A Month with a $430 AI Pet – What Fresh Hell Is This?
So some poor bastard decided to blow $430 on what’s basically an AI furball that squeaks, wiggles, and pretends it’s got emotions — the Casio Moflin. Yep, someone at Casio thought, “You know what people need? An overgrown tribble with machine learning,” and here we are. The thing’s supposed to “bond” with you. In reality, it beeps like a dying smoke detector and needs charging more often than your damn phone. Bravo, humanity — you’ve invented loneliness with a battery pack.
Apparently, Moflin learns your “emotional state,” which is corporate-speak for “it remembers when you last plugged it in.” The article’s author tried living with it for a month — a month! — and came out questioning their life choices.
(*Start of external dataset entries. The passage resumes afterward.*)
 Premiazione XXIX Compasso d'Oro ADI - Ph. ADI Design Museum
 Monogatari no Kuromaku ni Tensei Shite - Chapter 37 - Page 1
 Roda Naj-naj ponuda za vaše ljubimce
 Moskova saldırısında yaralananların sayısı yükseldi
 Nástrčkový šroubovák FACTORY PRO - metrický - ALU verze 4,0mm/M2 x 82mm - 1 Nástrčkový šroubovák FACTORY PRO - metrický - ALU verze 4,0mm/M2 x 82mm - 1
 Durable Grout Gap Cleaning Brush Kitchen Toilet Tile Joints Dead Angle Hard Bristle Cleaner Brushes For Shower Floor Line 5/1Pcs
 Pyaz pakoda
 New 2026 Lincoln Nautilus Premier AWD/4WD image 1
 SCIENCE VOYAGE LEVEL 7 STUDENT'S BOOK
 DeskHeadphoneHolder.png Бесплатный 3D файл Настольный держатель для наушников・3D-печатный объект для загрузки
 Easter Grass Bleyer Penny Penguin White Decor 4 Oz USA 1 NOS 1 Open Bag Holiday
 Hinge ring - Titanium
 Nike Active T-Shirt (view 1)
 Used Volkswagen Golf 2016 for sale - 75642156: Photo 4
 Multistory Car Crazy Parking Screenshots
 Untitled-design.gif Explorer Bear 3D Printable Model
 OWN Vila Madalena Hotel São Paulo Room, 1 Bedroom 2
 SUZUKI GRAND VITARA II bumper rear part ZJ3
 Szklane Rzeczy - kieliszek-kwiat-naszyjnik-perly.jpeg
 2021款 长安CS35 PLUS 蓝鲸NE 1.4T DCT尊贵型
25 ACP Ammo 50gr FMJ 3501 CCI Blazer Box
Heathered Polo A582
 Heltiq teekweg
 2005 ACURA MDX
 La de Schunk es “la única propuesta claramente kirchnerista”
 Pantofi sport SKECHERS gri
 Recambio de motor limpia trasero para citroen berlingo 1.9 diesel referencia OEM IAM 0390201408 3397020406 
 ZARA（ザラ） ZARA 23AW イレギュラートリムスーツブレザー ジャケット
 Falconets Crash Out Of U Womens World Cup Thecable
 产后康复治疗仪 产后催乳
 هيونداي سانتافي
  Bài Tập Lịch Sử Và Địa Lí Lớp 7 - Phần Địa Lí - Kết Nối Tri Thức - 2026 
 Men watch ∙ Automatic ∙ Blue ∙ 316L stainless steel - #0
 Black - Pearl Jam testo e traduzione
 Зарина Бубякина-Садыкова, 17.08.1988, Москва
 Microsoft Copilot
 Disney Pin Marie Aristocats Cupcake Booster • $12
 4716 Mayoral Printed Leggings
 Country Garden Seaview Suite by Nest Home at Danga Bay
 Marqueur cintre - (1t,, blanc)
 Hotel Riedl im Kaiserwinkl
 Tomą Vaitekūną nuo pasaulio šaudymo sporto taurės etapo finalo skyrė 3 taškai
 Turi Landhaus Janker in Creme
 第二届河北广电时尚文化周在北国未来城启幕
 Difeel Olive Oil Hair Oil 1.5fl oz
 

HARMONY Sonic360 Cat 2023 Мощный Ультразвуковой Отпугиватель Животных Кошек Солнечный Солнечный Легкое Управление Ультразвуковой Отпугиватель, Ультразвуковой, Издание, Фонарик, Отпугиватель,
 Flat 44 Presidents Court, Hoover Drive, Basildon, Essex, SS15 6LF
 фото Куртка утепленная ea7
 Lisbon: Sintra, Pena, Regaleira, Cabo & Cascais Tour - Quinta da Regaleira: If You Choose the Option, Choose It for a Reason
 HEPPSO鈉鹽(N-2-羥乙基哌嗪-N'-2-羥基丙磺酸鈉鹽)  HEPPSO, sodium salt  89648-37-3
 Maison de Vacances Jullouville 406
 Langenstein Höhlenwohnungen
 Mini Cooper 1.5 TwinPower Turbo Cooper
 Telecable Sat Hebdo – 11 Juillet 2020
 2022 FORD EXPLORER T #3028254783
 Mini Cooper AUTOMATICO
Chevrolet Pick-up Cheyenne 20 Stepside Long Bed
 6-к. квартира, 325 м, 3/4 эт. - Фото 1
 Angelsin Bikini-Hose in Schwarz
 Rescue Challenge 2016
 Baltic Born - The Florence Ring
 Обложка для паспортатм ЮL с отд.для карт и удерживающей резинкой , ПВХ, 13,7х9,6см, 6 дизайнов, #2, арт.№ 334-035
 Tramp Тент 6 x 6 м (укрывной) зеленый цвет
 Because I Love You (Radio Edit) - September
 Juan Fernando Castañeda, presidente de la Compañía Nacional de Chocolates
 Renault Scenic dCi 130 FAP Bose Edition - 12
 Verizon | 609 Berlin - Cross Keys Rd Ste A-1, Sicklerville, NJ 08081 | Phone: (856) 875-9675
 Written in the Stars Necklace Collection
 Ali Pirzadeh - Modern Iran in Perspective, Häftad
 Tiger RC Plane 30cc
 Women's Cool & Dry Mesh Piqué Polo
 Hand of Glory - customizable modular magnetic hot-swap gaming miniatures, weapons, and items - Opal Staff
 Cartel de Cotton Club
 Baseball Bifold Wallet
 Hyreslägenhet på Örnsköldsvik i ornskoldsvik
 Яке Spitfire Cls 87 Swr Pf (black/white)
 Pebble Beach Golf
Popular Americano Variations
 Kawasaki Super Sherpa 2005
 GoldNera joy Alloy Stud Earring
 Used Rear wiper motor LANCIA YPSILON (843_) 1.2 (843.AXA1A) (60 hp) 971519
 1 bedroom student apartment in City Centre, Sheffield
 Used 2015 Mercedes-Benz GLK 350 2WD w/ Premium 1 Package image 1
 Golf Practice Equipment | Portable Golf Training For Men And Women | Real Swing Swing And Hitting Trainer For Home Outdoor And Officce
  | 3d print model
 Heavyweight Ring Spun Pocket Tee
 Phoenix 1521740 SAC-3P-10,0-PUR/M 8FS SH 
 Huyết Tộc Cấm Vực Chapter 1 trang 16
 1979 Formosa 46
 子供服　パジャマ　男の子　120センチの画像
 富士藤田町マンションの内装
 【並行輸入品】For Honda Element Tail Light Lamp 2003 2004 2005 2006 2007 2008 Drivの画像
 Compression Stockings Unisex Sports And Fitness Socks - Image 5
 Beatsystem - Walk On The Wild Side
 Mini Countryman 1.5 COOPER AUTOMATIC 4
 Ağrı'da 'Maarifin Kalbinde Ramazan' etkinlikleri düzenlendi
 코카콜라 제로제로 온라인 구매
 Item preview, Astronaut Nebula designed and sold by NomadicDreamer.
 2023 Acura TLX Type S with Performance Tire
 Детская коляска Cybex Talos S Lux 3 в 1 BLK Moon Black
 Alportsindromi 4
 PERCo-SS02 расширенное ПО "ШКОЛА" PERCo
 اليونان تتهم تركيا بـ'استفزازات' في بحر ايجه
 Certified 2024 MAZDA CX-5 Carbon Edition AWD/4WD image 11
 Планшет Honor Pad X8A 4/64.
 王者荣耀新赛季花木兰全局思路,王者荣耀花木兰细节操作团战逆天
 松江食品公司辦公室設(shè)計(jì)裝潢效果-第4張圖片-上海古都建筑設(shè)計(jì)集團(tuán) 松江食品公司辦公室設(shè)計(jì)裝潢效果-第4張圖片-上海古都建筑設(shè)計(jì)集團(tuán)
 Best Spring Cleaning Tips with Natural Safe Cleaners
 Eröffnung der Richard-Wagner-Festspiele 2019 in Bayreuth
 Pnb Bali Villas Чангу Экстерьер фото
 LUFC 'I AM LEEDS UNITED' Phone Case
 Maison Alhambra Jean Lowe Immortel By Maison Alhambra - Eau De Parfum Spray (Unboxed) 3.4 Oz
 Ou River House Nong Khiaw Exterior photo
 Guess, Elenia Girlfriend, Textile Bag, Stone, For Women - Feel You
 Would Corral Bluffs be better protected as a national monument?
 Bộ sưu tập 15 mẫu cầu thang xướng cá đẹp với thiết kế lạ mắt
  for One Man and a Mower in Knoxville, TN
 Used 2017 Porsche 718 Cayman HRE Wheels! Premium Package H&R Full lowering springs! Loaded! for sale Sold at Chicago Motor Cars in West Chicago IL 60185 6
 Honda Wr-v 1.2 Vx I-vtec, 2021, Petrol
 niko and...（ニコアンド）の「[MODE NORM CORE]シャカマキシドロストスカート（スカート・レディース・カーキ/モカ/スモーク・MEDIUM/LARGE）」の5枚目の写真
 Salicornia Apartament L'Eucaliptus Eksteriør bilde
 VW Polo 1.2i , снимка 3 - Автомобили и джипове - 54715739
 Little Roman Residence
It made little squeaky noises, had some haptic sensors, and gave off the kind of fake affection you’d expect from an algorithm trained to act like a needy toddler. When hugged, it wobbles; when ignored, it sulks. Just like a real pet, except it costs a small fortune and you can’t put it in the garden when it craps out (figuratively, thankfully).
By the end, the reviewer realized the Moflin isn’t the future of companionship — it’s the future of emotional bankruptcy. Nothing like being guilt-tripped by an AI fuzzball while it vibrates and blinks at you for attention. But hey, at least it doesn’t shed. For $430, you too can experience robot co-dependence and the sweet, comforting sound of your dignity evaporating into the cloud.
Read the original trainwreck here.
Reminds me of the time a user brought me their “smart coffee mug” that couldn’t connect to Wi-Fi. I told them to drink the damn coffee before it updates its firmware. Some people truly deserve the robots they create.